■ Assignment ■
Nothing but the lines below from the one with "NWT Men's Swiss" through the one with "A MAUSER C96" should be output, each exactly as given, and no pictures.
Data shown Block Start
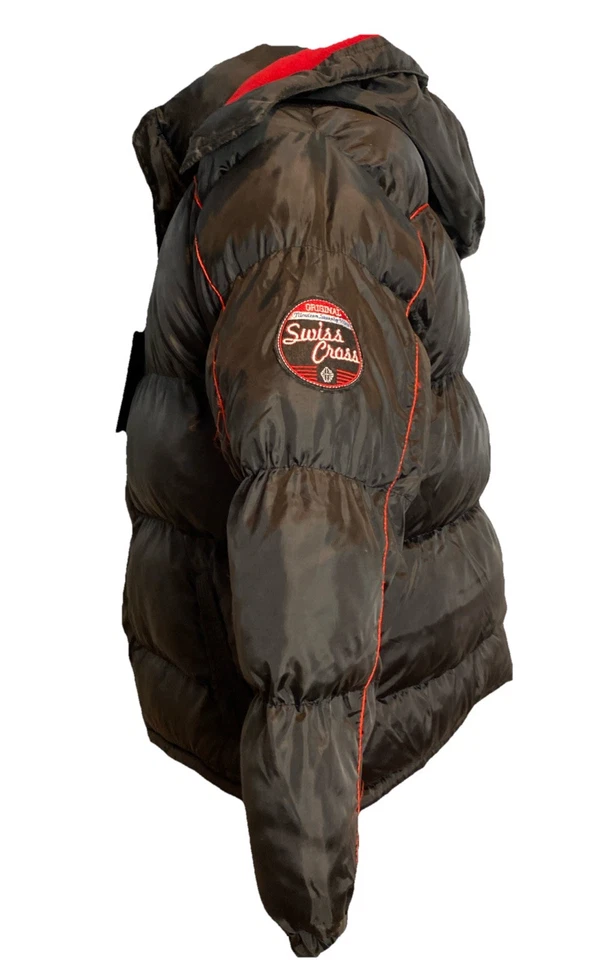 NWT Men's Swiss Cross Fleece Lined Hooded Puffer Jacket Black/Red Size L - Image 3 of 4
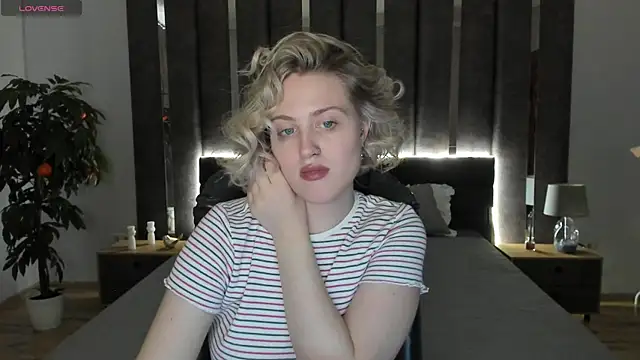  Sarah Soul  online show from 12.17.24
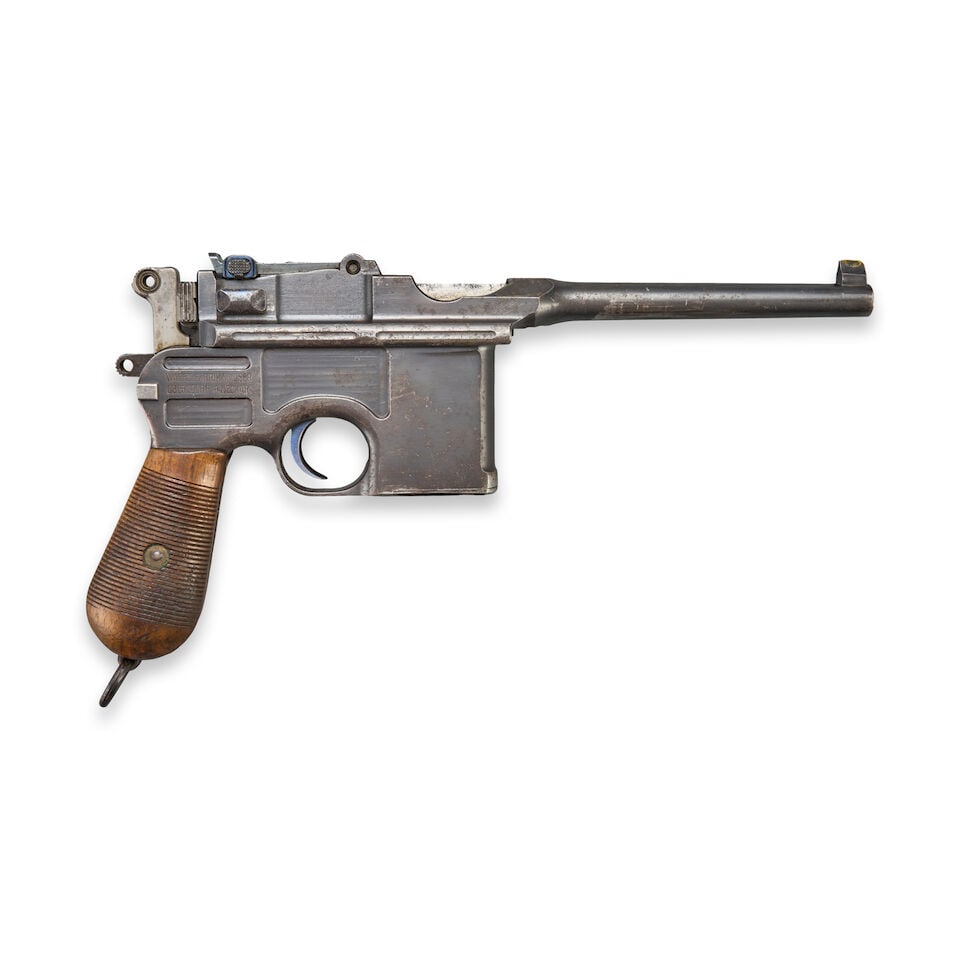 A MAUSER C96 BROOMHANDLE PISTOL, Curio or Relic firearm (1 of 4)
Data shown Block End
Data shown Block Start
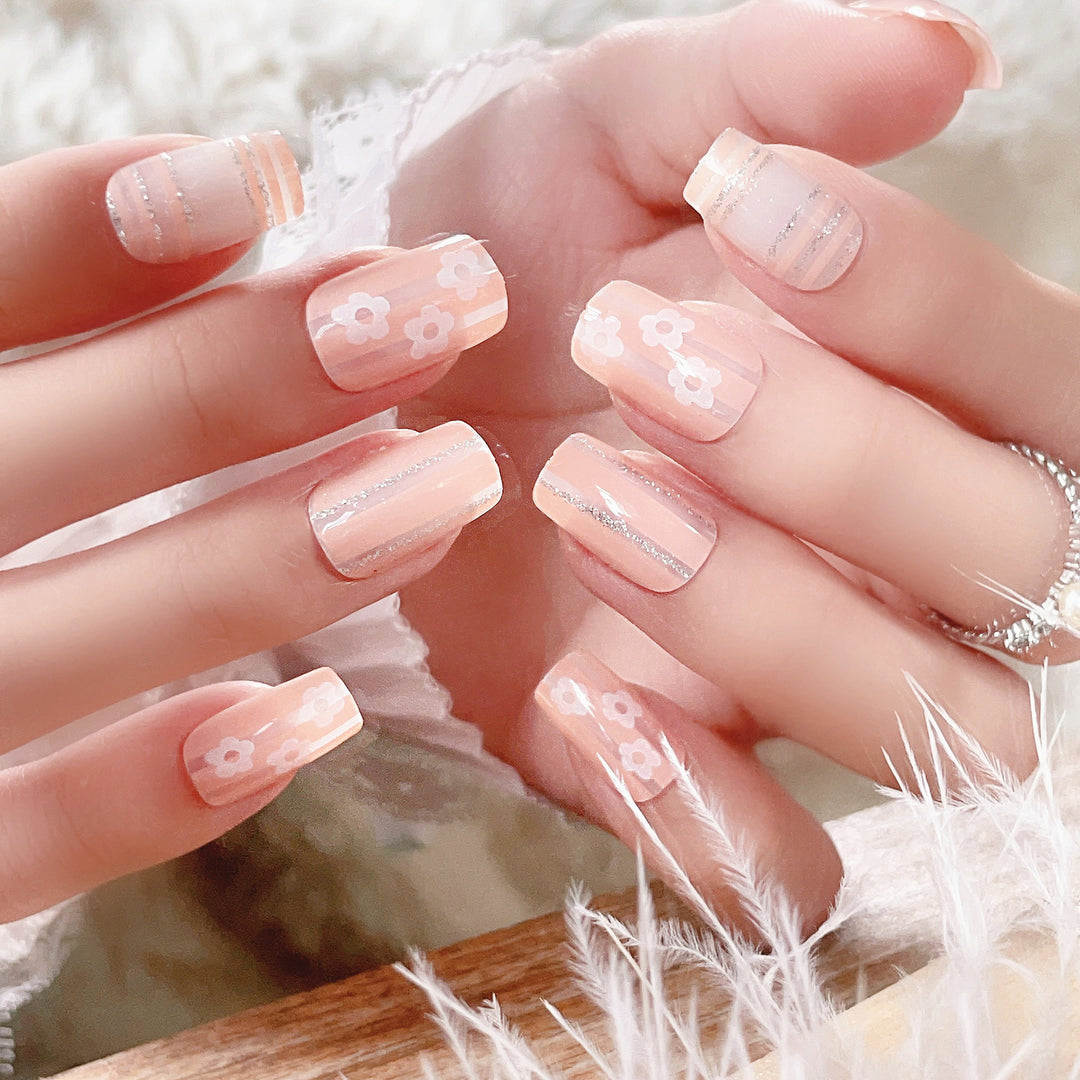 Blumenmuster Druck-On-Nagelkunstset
Data shown Block End
■ Your solution ■
 NWT Men's Swiss Cross Fleece Lined Hooded Puffer Jacket Black/Red Size L - Image 3 of 4
  Sarah Soul  online show from 12.17.24
 A MAUSER C96 BROOMHANDLE PISTOL, Curio or Relic firearm (1 of 4)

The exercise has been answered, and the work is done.